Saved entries
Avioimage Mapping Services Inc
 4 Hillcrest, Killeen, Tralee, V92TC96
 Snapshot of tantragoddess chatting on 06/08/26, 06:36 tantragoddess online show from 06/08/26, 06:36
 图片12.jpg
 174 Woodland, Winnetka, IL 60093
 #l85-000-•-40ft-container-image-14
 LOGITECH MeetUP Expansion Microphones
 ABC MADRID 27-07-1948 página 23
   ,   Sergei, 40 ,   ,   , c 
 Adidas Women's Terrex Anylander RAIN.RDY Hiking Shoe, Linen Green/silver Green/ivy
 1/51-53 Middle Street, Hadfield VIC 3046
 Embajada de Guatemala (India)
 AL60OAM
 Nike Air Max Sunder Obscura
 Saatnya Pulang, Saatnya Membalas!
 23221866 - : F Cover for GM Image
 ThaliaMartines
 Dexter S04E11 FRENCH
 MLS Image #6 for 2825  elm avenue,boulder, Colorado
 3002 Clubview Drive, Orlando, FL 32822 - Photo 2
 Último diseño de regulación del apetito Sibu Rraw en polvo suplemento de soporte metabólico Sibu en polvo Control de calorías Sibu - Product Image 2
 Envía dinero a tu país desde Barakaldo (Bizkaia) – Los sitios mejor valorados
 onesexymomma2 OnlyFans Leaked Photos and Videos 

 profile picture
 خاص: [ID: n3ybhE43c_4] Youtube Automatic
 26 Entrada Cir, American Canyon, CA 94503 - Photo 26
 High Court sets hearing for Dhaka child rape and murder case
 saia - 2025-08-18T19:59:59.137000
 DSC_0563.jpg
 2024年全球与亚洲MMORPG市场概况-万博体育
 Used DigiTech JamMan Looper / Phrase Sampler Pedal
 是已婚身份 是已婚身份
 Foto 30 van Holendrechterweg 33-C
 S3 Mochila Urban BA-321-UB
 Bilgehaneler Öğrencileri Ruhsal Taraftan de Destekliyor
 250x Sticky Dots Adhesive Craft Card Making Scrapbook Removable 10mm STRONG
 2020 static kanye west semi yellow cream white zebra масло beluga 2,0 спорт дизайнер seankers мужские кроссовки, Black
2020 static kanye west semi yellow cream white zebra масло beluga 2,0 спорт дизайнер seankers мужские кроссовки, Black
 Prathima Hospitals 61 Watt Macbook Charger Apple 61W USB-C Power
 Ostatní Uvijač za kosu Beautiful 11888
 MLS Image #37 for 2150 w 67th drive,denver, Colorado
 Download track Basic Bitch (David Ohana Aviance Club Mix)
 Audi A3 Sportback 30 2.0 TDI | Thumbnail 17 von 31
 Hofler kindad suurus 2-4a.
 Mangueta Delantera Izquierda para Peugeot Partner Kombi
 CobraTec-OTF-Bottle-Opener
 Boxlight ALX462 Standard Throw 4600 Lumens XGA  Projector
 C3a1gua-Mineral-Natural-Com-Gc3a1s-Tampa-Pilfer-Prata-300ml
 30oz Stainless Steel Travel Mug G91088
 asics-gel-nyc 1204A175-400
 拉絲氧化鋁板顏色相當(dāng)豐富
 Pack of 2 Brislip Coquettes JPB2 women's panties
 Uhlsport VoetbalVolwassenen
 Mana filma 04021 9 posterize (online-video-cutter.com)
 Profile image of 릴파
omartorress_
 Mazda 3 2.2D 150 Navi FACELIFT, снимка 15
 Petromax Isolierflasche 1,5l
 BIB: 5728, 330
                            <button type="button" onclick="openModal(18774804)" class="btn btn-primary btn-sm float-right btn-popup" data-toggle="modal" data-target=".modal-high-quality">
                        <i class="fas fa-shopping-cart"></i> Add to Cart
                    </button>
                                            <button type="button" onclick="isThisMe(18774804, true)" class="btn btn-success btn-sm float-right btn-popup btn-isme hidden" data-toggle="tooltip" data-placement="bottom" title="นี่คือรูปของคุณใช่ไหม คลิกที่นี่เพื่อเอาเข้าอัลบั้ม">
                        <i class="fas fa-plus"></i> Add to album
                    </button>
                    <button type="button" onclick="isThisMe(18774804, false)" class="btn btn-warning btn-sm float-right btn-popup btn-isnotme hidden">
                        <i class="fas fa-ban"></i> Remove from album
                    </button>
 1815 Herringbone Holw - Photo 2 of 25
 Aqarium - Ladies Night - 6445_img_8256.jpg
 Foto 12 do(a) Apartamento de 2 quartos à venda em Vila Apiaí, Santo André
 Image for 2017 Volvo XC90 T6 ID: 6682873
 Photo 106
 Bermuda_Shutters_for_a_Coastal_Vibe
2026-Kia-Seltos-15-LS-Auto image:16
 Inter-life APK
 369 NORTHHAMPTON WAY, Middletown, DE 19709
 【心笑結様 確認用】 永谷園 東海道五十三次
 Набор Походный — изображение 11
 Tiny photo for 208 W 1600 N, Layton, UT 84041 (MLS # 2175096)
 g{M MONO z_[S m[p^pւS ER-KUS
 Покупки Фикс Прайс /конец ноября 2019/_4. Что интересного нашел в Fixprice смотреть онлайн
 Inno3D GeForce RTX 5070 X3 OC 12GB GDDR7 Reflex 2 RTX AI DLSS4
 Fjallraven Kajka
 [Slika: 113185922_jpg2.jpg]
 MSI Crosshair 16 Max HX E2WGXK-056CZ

#### EXERCISE AIM
The records need to be set down again without a single difference.

#### OUTPUT
Avioimage Mapping Services Inc
 4 Hillcrest, Killeen, Tralee, V92TC96
 Snapshot of tantragoddess chatting on 06/08/26, 06:36 tantragoddess online show from 06/08/26, 06:36
 图片12.jpg
 174 Woodland, Winnetka, IL 60093
 #l85-000-•-40ft-container-image-14
 LOGITECH MeetUP Expansion Microphones
 ABC MADRID 27-07-1948 página 23
   ,   Sergei, 40 ,   ,   , c 
 Adidas Women's Terrex Anylander RAIN.RDY Hiking Shoe, Linen Green/silver Green/ivy
 1/51-53 Middle Street, Hadfield VIC 3046
 Embajada de Guatemala (India)
 AL60OAM
 Nike Air Max Sunder Obscura
 Saatnya Pulang, Saatnya Membalas!
 23221866 - : F Cover for GM Image
 ThaliaMartines
 Dexter S04E11 FRENCH
 MLS Image #6 for 2825  elm avenue,boulder, Colorado
 3002 Clubview Drive, Orlando, FL 32822 - Photo 2
 Último diseño de regulación del apetito Sibu Rraw en polvo suplemento de soporte metabólico Sibu en polvo Control de calorías Sibu - Product Image 2
 Envía dinero a tu país desde Barakaldo (Bizkaia) – Los sitios mejor valorados
 onesexymomma2 OnlyFans Leaked Photos and Videos 

 profile picture
 خاص: [ID: n3ybhE43c_4] Youtube Automatic
 26 Entrada Cir, American Canyon, CA 94503 - Photo 26
 High Court sets hearing for Dhaka child rape and murder case
 saia - 2025-08-18T19:59:59.137000
 DSC_0563.jpg
 2024年全球与亚洲MMORPG市场概况-万博体育
 Used DigiTech JamMan Looper / Phrase Sampler Pedal
 是已婚身份 是已婚身份
 Foto 30 van Holendrechterweg 33-C
 S3 Mochila Urban BA-321-UB
 Bilgehaneler Öğrencileri Ruhsal Taraftan de Destekliyor
 250x Sticky Dots Adhesive Craft Card Making Scrapbook Removable 10mm STRONG
 2020 static kanye west semi yellow cream white zebra масло beluga 2,0 спорт дизайнер seankers мужские кроссовки, Black
2020 static kanye west semi yellow cream white zebra масло beluga 2,0 спорт дизайнер seankers мужские кроссовки, Black
 Prathima Hospitals 61 Watt Macbook Charger Apple 61W USB-C Power
 Ostatní Uvijač za kosu Beautiful 11888
 MLS Image #37 for 2150 w 67th drive,denver, Colorado
 Download track Basic Bitch (David Ohana Aviance Club Mix)
 Audi A3 Sportback 30 2.0 TDI | Thumbnail 17 von 31
 Hofler kindad suurus 2-4a.
 Mangueta Delantera Izquierda para Peugeot Partner Kombi
 CobraTec-OTF-Bottle-Opener
 Boxlight ALX462 Standard Throw 4600 Lumens XGA  Projector
 C3a1gua-Mineral-Natural-Com-Gc3a1s-Tampa-Pilfer-Prata-300ml
 30oz Stainless Steel Travel Mug G91088
 asics-gel-nyc 1204A175-400
 拉絲氧化鋁板顏色相當(dāng)豐富
 Pack of 2 Brislip Coquettes JPB2 women's panties
 Uhlsport VoetbalVolwassenen
 Mana filma 04021 9 posterize (online-video-cutter.com)
 Profile image of 릴파
omartorress_
 Mazda 3 2.2D 150 Navi FACELIFT, снимка 15
 Petromax Isolierflasche 1,5l
 BIB: 5728, 330
                            <button type="button" onclick="openModal(18774804)" class="btn btn-primary btn-sm float-right btn-popup" data-toggle="modal" data-target=".modal-high-quality">
                        <i class="fas fa-shopping-cart"></i> Add to Cart
                    </button>
                                            <button type="button" onclick="isThisMe(18774804, true)" class="btn btn-success btn-sm float-right btn-popup btn-isme hidden" data-toggle="tooltip" data-placement="bottom" title="นี่คือรูปของคุณใช่ไหม คลิกที่นี่เพื่อเอาเข้าอัลบั้ม">
                        <i class="fas fa-plus"></i> Add to album
                    </button>
                    <button type="button" onclick="isThisMe(18774804, false)" class="btn btn-warning btn-sm float-right btn-popup btn-isnotme hidden">
                        <i class="fas fa-ban"></i> Remove from album
                    </button>
 1815 Herringbone Holw - Photo 2 of 25
 Aqarium - Ladies Night - 6445_img_8256.jpg
 Foto 12 do(a) Apartamento de 2 quartos à venda em Vila Apiaí, Santo André
 Image for 2017 Volvo XC90 T6 ID: 6682873
 Photo 106
 Bermuda_Shutters_for_a_Coastal_Vibe
2026-Kia-Seltos-15-LS-Auto image:16
 Inter-life APK
 369 NORTHHAMPTON WAY, Middletown, DE 19709
 【心笑結様 確認用】 永谷園 東海道五十三次
 Набор Походный — изображение 11
 Tiny photo for 208 W 1600 N, Layton, UT 84041 (MLS # 2175096)
 g{M MONO z_[S m[p^pւS ER-KUS
 Покупки Фикс Прайс /конец ноября 2019/_4. Что интересного нашел в Fixprice смотреть онлайн
 Inno3D GeForce RTX 5070 X3 OC 12GB GDDR7 Reflex 2 RTX AI DLSS4
 Fjallraven Kajka
 [Slika: 113185922_jpg2.jpg]
 MSI Crosshair 16 Max HX E2WGXK-056CZ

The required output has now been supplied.